German investor optimism up, easing recession fear
Investor optimism about the German economy rose in February, according to a closely watched survey, raising hopes that the country may avoid a recession.
The latest ZEW institute's index rose to 48.2 points from 31.5 in January.
This marked the third monthly increase in a row and above the 36 points expected by market analysts.
The institute asked 272 investment industry analysts between February 4 and February 18 how they thought the economy would perform in the next six months.
Germany's economy shrank 0.6% in the fourth quarter, and another drop in the first three months of this year would put it in a recession, commonly defined as two consecutive quarters of economic contraction.
But many economists think the dip was only temporary and that the economy will quickly return to growth.
Fears have waned in recent months that a heavily indebted European country, such as Spain or Italy, would have trouble paying its debts - a situation that would have roiled financial markets and Europe.
Nonetheless, the euro zone economy is stuck in a recession and the European Central Bank expects it to shrink 0.3% for the year as a whole.

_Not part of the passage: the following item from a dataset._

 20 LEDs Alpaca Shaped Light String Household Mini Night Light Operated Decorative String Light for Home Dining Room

A stronger German economy could help the euro zone on its expected path to recovery later in the year.
ZEW President Wolfgang Franz said the surveyed investors believe "the German economy faces less headwinds from the euro crisis than throughout the last months.

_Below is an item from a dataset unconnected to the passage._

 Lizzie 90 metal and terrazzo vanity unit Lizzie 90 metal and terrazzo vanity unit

"If this situation remains unchanged during the next months, German business activity may pick up speed moderately," he said in a statement.
Analysts said that the survey result "adds to the positive signs for the economy in the early part of this year" but cautioned that the ZEW has not been as good a predictor of growth as business surveys such as the Ifo index, which comes out Friday.
They pointed out that the fourth quarter had been a "weak starting point," so it was not surprising that investors now seen things improving.